I would like to know which formula to use for the following combinations, please.

A or B can be chosen x times to generate a series of length x. A and B can be chosen as often as you like. Order does not matter. The question for each series is: For what fraction of the total are there more A’s than B’s?
Examples: If x=2, possibilities are A-A, A-B, B-A, B-B so how often are there more A’s than B’s? That is 1 out of 4=0.25.
If x=4, possibilities are A-A-A-A, A-A-A-B, A-A-B-A, A-A-B-B, A-B-A-A, A-B-A-B, A-B-B-A, A-B-B-B, B-A-A-A, B-A-A-B, B-A-B-A, B-A-B-B, B-B-A-A, B-B-A-B, B-B-B-A, B-B-B-B so how often are there more A’s than B’s? That is 5 out of 16=0.3125.
I can do these by hand, but it becomes more difficult when x=62.
Note that I am not giving any examples where x is an odd number, because that answer would always be 0.5.
A formula would be sooooo helpful!
Thank you, Peter
 

Dr.Peterson

Elite Member
Joined
Nov 12, 2017
Messages
3,627
Hi,

I would like to know which formula to use for the following combinations, please.
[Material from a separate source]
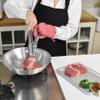AKAO Aluminum DON Frying Pan, 8.3 inches (21 cm), Aluminum Alloy, Handle (Aluminum Die Cast), Japan AHL24021 view 3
A or B can be chosen x times to generate a series of length x. A and B can be chosen as often as you like. Order does not matter. The question for each series is: For what fraction of the total are there more A’s than B’s?
Examples: If x=2, possibilities are A-A, A-B, B-A, B-B so how often are there more A’s than B’s? That is 1 out of 4=0.25.
If x=4, possibilities are A-A-A-A, A-A-A-B, A-A-B-A, A-A-B-B, A-B-A-A, A-B-A-B, A-B-B-A, A-B-B-B, B-A-A-A, B-A-A-B, B-A-B-A, B-A-B-B, B-B-A-A, B-B-A-B, B-B-B-A, B-B-B-B so how often are there more A’s than B’s? That is 5 out of 16=0.3125.
I can do these by hand, but it becomes more difficult when x=62.
Note that I am not giving any examples where x is an odd number, because that answer would always be 0.5.
A formula would be sooooo helpful!
Thank you, Peter
I think in effect you are asking for the probability that, if you toss a coin x times, there will be more heads than tails.

I would find the probability that there are exactly the same number of heads and tails (A's and B's), subtract that from 1 to find the probability that there are more of one than the other, and divide by 2 (since for every case with more A's, there is a case with more B's).

Does that make sense?

In terms of combinations, in how many ways can you have exactly x/2 of each? Or, if it helps you think more clearly, if x = 2n, in how many ways can there be exactly n of each?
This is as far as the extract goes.